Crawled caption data

◆ ◆ ◆ ◆ ◆

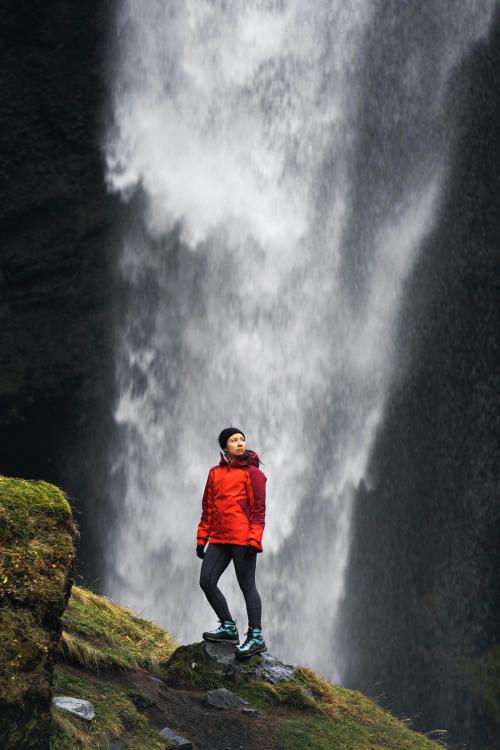 Female hiker with a view of Kvernufoss waterfall in South Iceland - 2042620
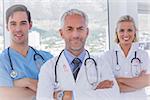 Group of doctor and nurses standing together against breast cancer awareness ribbon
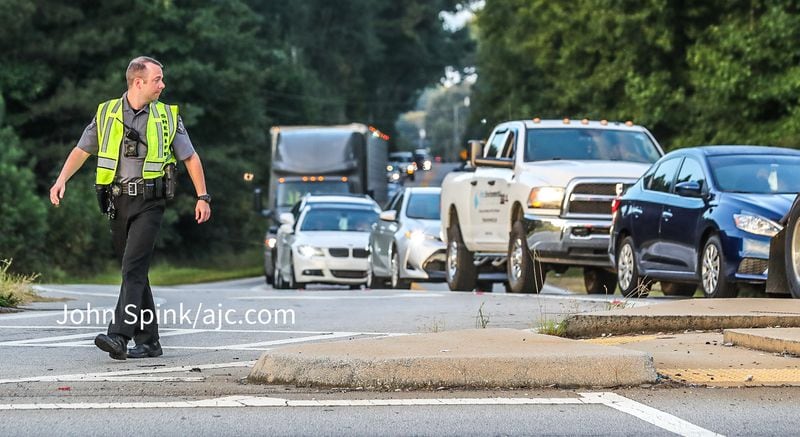 A Rockdale County deputy diverts traffic away from the chemical plant Monday morning.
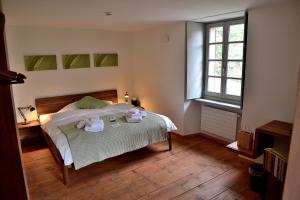 Voodi või voodid majutusasutuse Unique Hotel Fusio toas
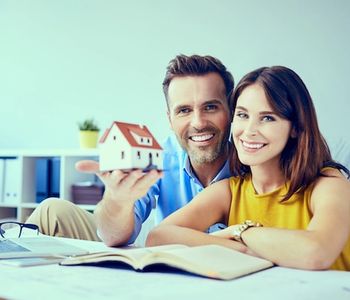 Couple holding house model and reading documents.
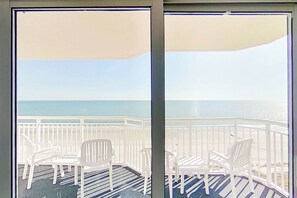 Un balcón con sillas blancas y piso a rayas, con vistas a una playa.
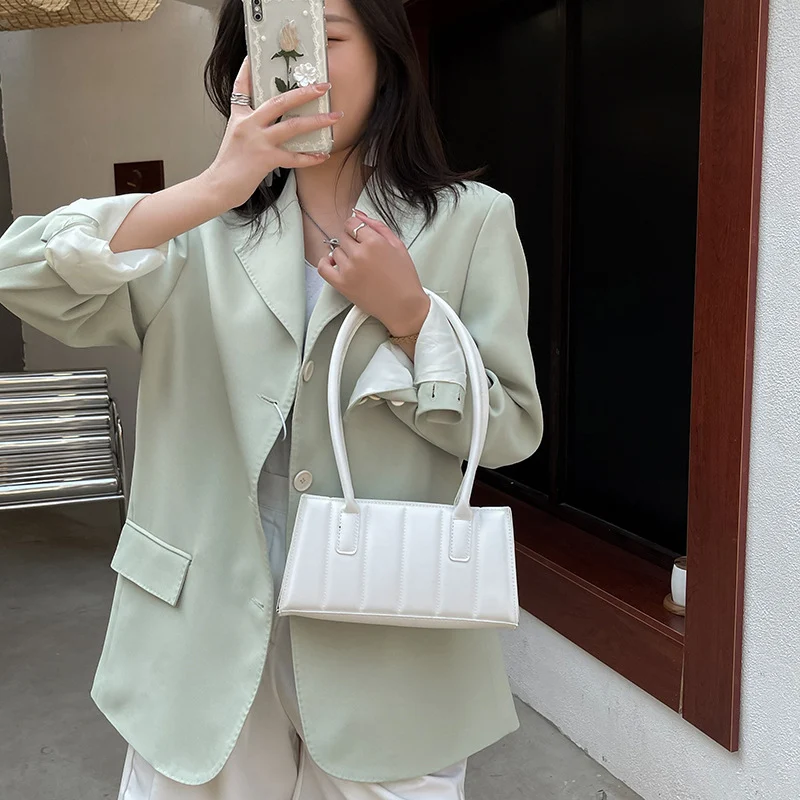 Nouveau sac à bandoulière décontracté de mode printemps, idéal pour le quotidien. Léger, spacieux et stylé pour transporter vos essentiels facilement.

◆ ◆ ◆ ◆ ◆

**Task to carry out:** When you repeat the data, keep it exact and drop every picture.

**Written solution:**
 Female hiker with a view of Kvernufoss waterfall in South Iceland - 2042620
 Group of doctor and nurses standing together against breast cancer awareness ribbon
 A Rockdale County deputy diverts traffic away from the chemical plant Monday morning.
 Voodi või voodid majutusasutuse Unique Hotel Fusio toas
 Couple holding house model and reading documents.
 Un balcón con sillas blancas y piso a rayas, con vistas a una playa.
 Nouveau sac à bandoulière décontracté de mode printemps, idéal pour le quotidien. Léger, spacieux et stylé pour transporter vos essentiels facilement.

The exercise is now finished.